**Work item**
Without altering a word, return the records below, but exclude the pictures.
Segment Start: Data listing
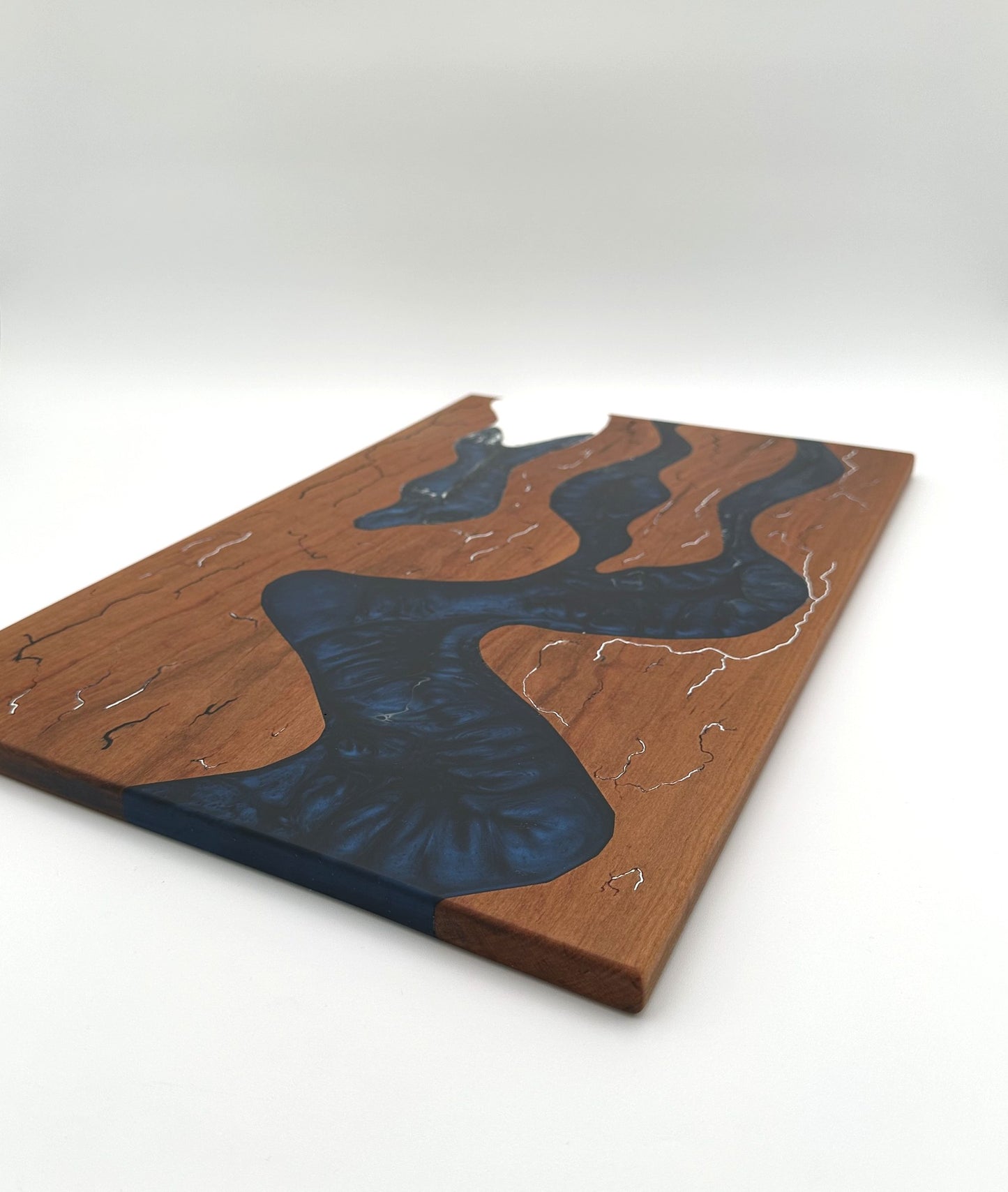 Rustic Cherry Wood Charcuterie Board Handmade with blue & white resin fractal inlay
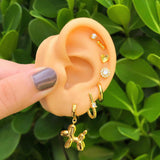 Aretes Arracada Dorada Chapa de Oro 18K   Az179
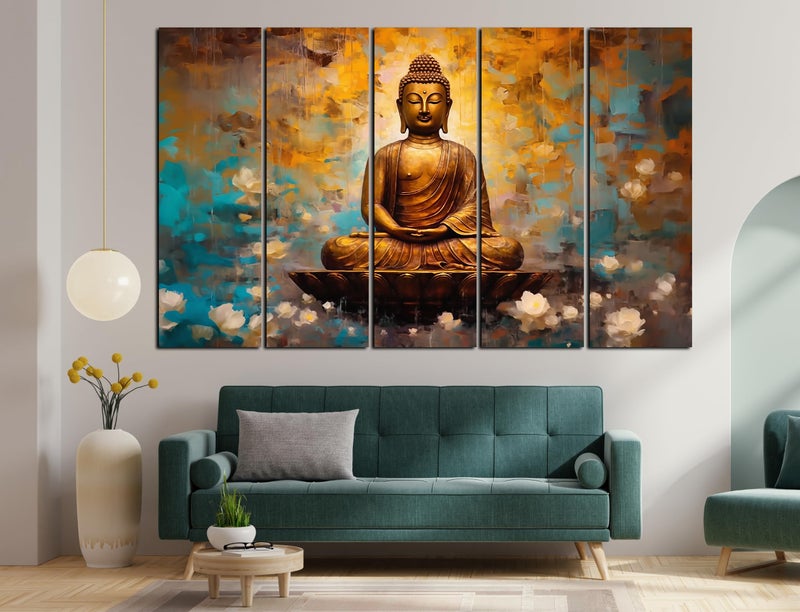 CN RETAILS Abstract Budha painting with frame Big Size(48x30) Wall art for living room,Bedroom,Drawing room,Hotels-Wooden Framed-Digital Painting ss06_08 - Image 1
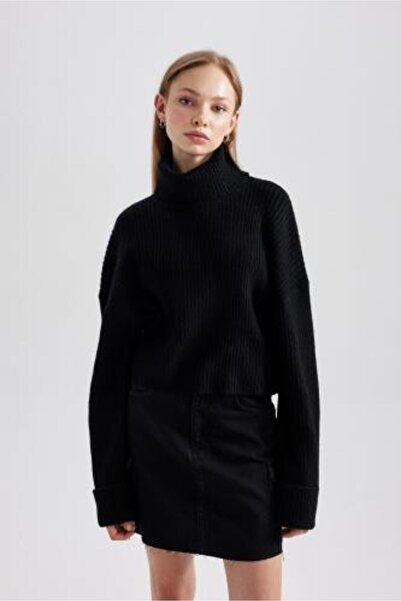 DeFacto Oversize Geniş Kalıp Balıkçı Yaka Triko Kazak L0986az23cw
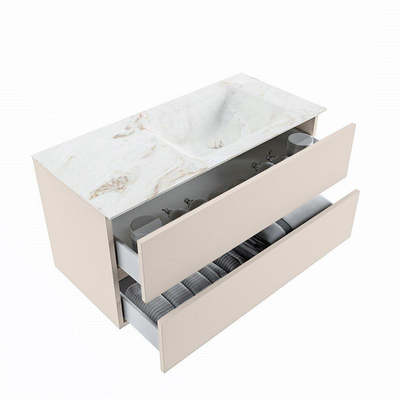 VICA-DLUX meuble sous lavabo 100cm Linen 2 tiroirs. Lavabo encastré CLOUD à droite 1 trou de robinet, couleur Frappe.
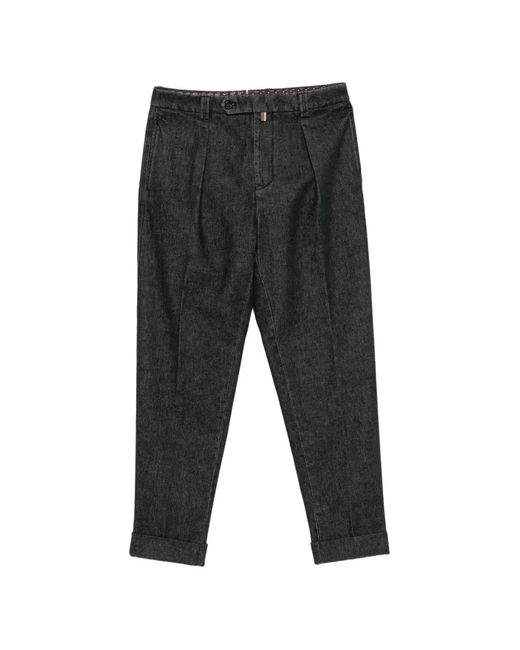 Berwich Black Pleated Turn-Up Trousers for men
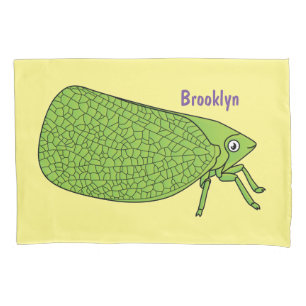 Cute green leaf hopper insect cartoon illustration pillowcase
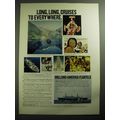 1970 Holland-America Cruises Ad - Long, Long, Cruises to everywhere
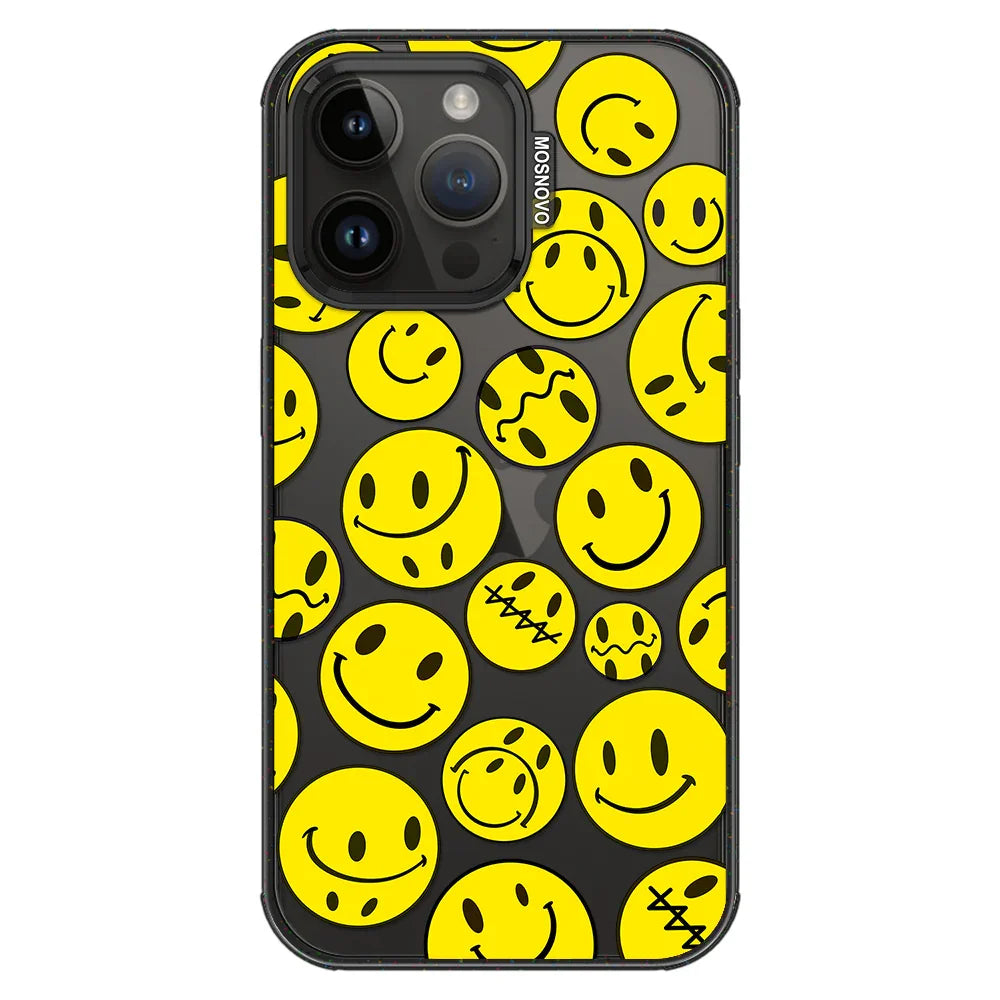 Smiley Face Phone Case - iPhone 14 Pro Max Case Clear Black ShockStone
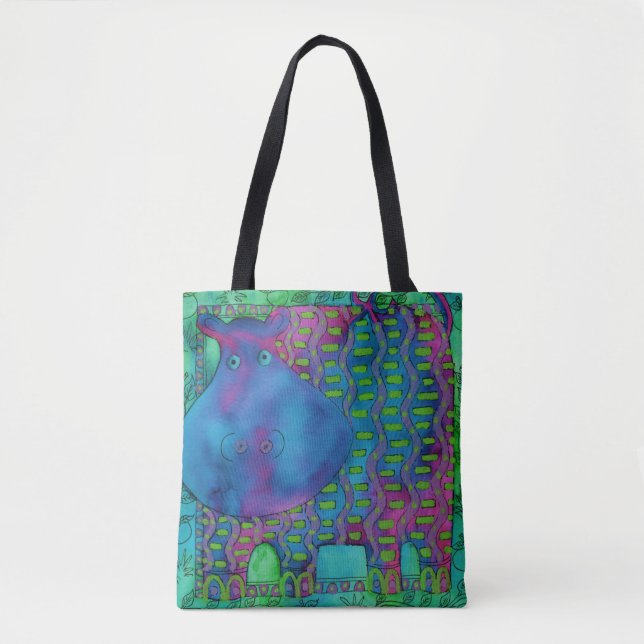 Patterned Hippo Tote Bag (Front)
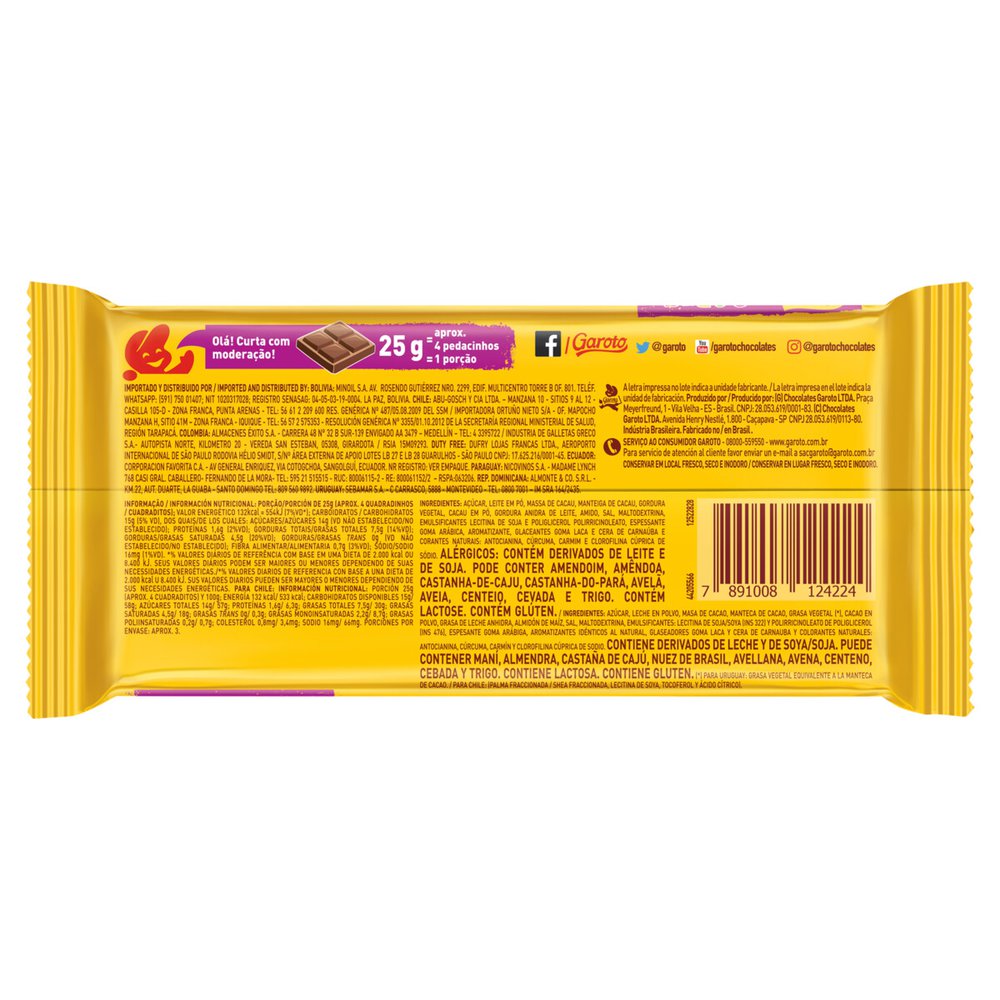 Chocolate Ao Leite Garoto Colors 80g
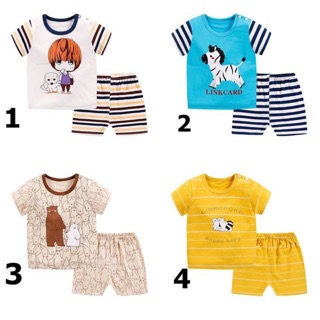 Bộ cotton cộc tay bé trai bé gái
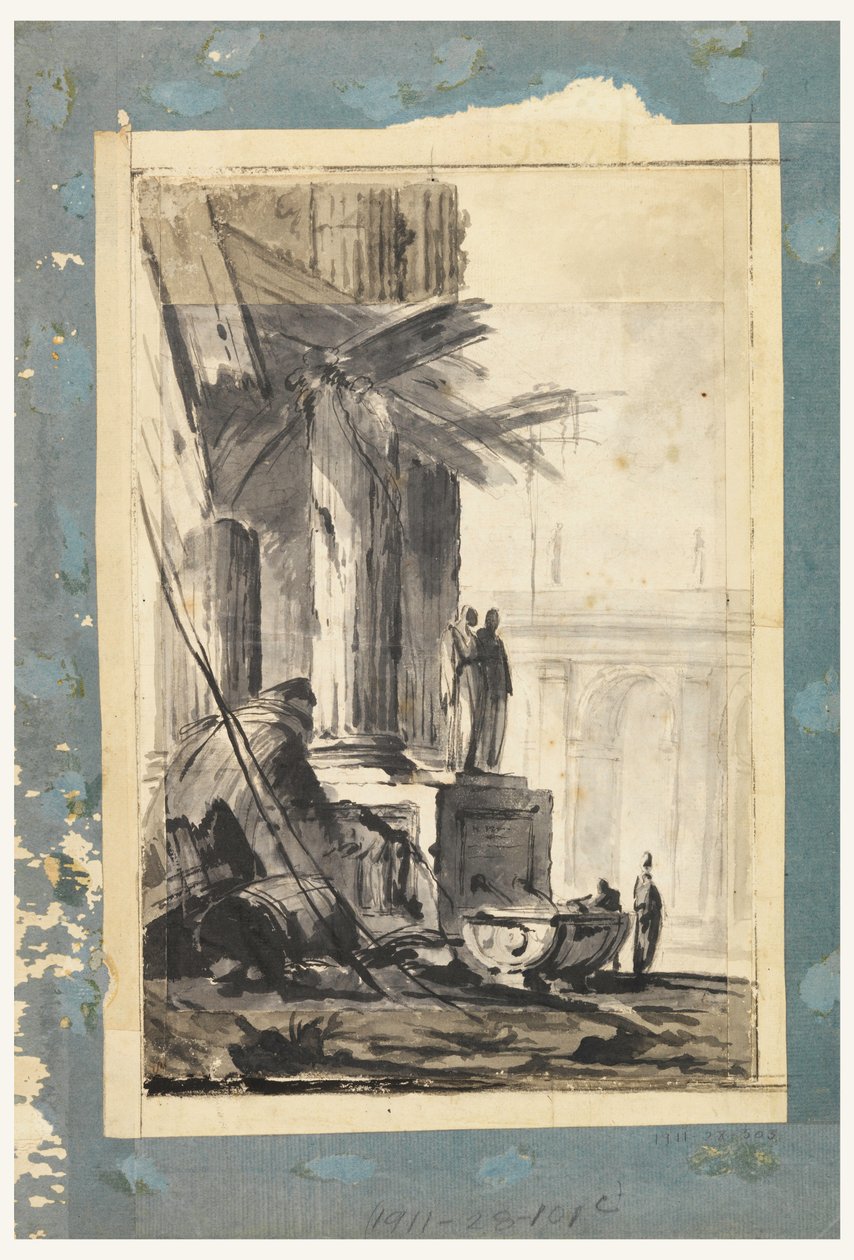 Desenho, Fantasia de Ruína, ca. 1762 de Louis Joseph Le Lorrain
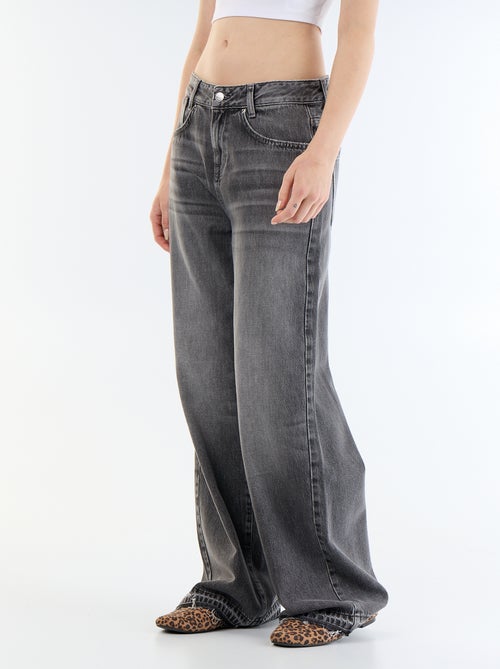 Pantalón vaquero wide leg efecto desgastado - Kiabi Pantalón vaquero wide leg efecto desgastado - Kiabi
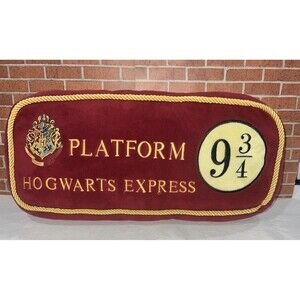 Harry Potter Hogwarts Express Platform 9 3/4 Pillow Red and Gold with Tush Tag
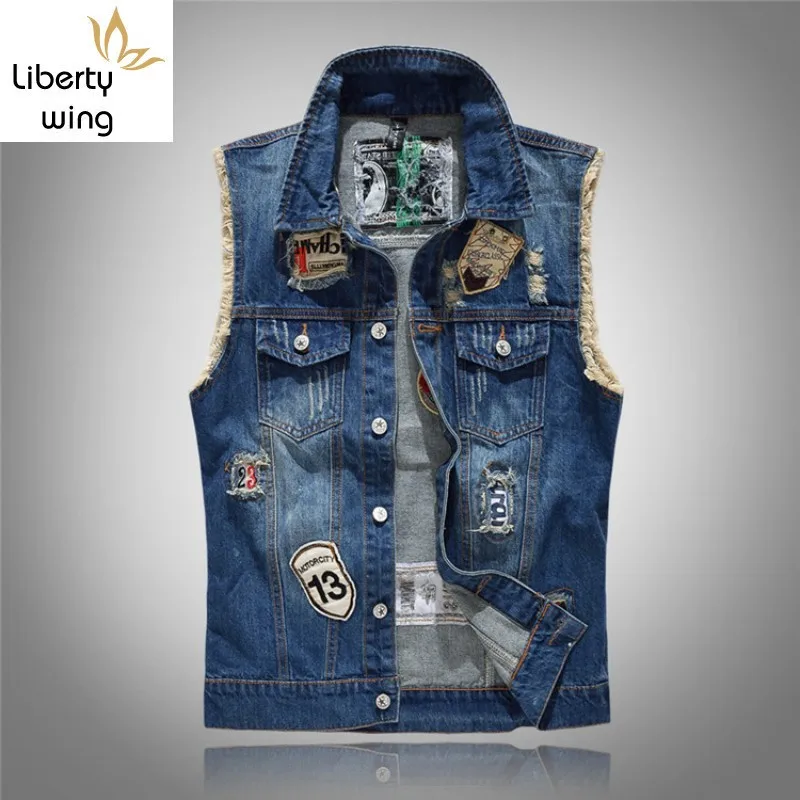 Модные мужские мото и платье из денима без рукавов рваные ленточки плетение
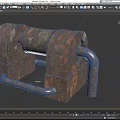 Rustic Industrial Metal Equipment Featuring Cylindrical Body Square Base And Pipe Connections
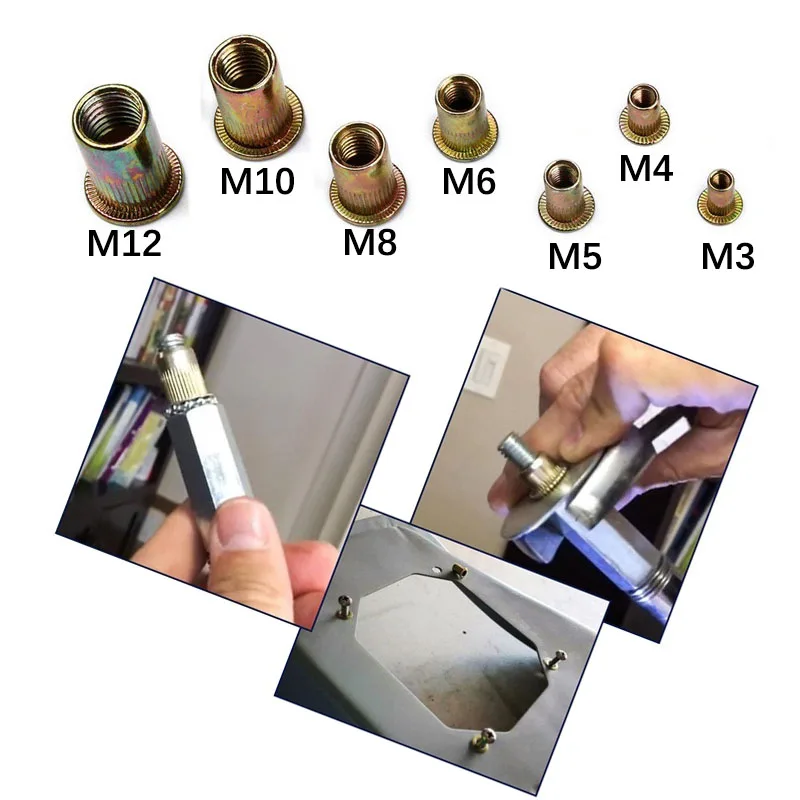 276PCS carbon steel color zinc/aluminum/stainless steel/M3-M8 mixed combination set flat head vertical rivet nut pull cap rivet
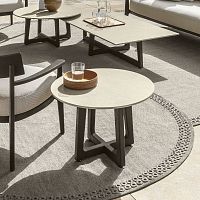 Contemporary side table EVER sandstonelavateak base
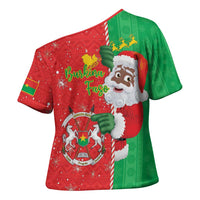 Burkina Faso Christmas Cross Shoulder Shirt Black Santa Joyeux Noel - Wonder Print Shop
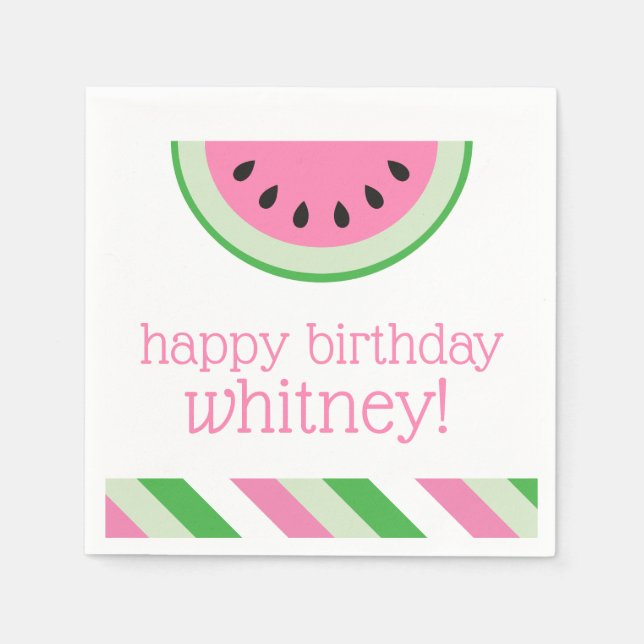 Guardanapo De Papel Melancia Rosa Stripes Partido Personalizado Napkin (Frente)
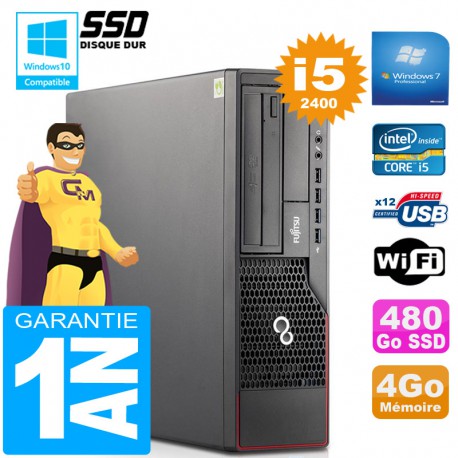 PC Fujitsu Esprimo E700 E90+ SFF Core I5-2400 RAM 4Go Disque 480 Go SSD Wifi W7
Segment End: Data listing
**Answer space**
 Rustic Cherry Wood Charcuterie Board Handmade with blue & white resin fractal inlay
 Aretes Arracada Dorada Chapa de Oro 18K   Az179
 CN RETAILS Abstract Budha painting with frame Big Size(48x30) Wall art for living room,Bedroom,Drawing room,Hotels-Wooden Framed-Digital Painting ss06_08 - Image 1
 DeFacto Oversize Geniş Kalıp Balıkçı Yaka Triko Kazak L0986az23cw
 VICA-DLUX meuble sous lavabo 100cm Linen 2 tiroirs. Lavabo encastré CLOUD à droite 1 trou de robinet, couleur Frappe.
 Berwich Black Pleated Turn-Up Trousers for men
 Cute green leaf hopper insect cartoon illustration pillowcase
 1970 Holland-America Cruises Ad - Long, Long, Cruises to everywhere
 Smiley Face Phone Case - iPhone 14 Pro Max Case Clear Black ShockStone
 Patterned Hippo Tote Bag (Front)
 Chocolate Ao Leite Garoto Colors 80g
 Bộ cotton cộc tay bé trai bé gái
 Desenho, Fantasia de Ruína, ca. 1762 de Louis Joseph Le Lorrain
 Pantalón vaquero wide leg efecto desgastado - Kiabi Pantalón vaquero wide leg efecto desgastado - Kiabi
 Harry Potter Hogwarts Express Platform 9 3/4 Pillow Red and Gold with Tush Tag
 Модные мужские мото и платье из денима без рукавов рваные ленточки плетение
 Rustic Industrial Metal Equipment Featuring Cylindrical Body Square Base And Pipe Connections
 276PCS carbon steel color zinc/aluminum/stainless steel/M3-M8 mixed combination set flat head vertical rivet nut pull cap rivet
 Contemporary side table EVER sandstonelavateak base
 Burkina Faso Christmas Cross Shoulder Shirt Black Santa Joyeux Noel - Wonder Print Shop
 Guardanapo De Papel Melancia Rosa Stripes Partido Personalizado Napkin (Frente)
 PC Fujitsu Esprimo E700 E90+ SFF Core I5-2400 RAM 4Go Disque 480 Go SSD Wifi W7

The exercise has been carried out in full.